3.5.17

Son Volt goes blues-core


The trouble all started in Belleville, Illinois. It was sometime during the late 1980s, early 1990s. As the pearls jammed and the Janes got addicted, as thin white dudes from Britian to Australia were leading the alternativeland wave, the whole hip of it was in jeopardy. Partly because of two insurgent types in Belleville, Jeff Tweedy and Jay Farrar. The two, who formed a band called Uncle Tupelo, basically hijacked country and rock, and all of the critics raved for it, due to the music's cranky intensity, and alt-country was born as a good short-hand to describe the movement around 1993. But then Farrar and Tweedy proved to be just too damned prolific for their band's own good, so they split into two bands, Wilco and Son Volt.
Between the two, Wilco has made the most of its under-the-radar status, but comparing that band's last album and Son Volt's latest, "Notes in Blue," maybe the later has more stayin' power, as the tortoise to Wilco's hare.
After a focused effort to produce a record of pure honky tonk songs, Son Volt's latest is more blues-core. And if the earth tones of Son Volt have proven to be a little too rustic over the years, the new live shows are turned up loud and uptempo, indicating signs of a great little rock band gaining confidence in its purist sensibilities.
"I was aiming at the convergence of where blues, folk and country meet," Farrar says in a telephone interview prior to his show in Flagstaff. "The process in the studio is pretty intuitive.

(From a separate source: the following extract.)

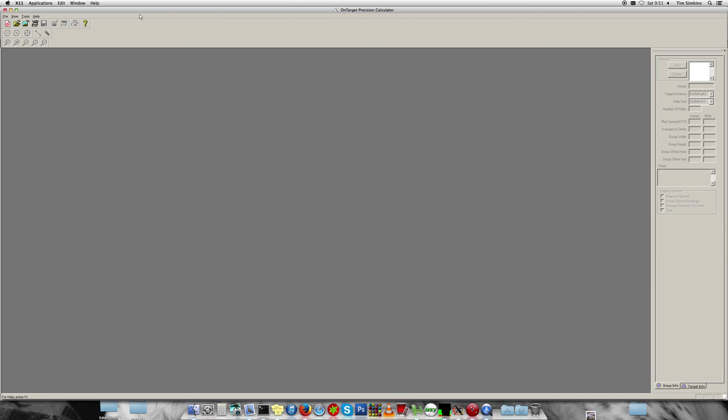So at this point you have shot your targets, taken a picture of your targets, and pulled those onto your computer.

I don't do a lot of verbalizing about what direction we take."
The album includes a few rockers and many more down-in-the-dust acoustic numbers tending toward melancholy. The uptempo tunes such as "Lost Souls" and "Sinking Down" have a perfect crunch and that straight-forward punked-up-blues energy that's hard to get right in a studio. On "Notes in Blue" there's a lot of good crackling energy going on.

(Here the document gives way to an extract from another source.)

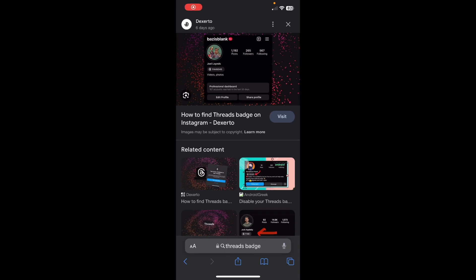Hi everyone, in today's video I'm going to show you how to remove the Threads badge on your Instagram profile. If you have a badge like this on your profile, simply tap on it and then tap on 'Hide Badge'.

But digging down into the roots of the national sound is a certain specialty for Son Volt. They have an out-of-time style that once existed and never existed, where the stream of Farrar's consciousness views America through a dirty windshield. Farrar is an artful authentic, a heartland impressionist. His musician's tools are antiques that haven't blown out or fallen apart yet.

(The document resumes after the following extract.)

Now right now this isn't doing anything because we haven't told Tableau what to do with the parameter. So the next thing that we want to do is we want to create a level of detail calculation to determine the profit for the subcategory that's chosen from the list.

"On 'Sinking Down' I played a bottleneck slide with a quintessential blues tuning," he says. "The recording was primitive and straightforward. The approach was to make an organic recording. One example was for us to use an old amplifier which we actually used on the album cover for our first record, 'Trace,' which we had modified. It is an ancient sounding amp and that was the right aesthetic."
Another rave-up tune, "Lost Souls," could be about Son Volt, the band, existing in the space of some under heard sub-pop genre, where they are most certainly cool but they aren't household names, with Farrar singing, "Let the music play on/This world won't give us the time." But he says the song is more about others, about those far less fortunate than Son Volt, as far popularity goes.
"I was looking at it from the perspective of where a lot of bands and performers fall by the wayside. Not so much from my own but their perspective," he says.
The best aspect of any Son Volt record is Farrar's voice, which has that quality Neil Young might describe as "real as the day is long." On how he was able to sing with a kind of world-weary soul that's completely unteachable, Farrar says "My mom would have a lot of opinions on that. And in the early days I sang a lot angrier, since I was listening to a lot of punk and rock, but (his voice) got taken over by age and wisdom. Plus I haven't smoked cigarettes for 30 years. I tried that, but it didn't work for me."
And what is the source of their mythic-Americana spirit?
"I used to read a lot as a teenager working at a used bookstore that my mom owned. I do a lot of stream of consciousness," he says. "Everything from the Minutemen to the Flying Burrito Brothers. It's all part of the big continuum. That's where we came from."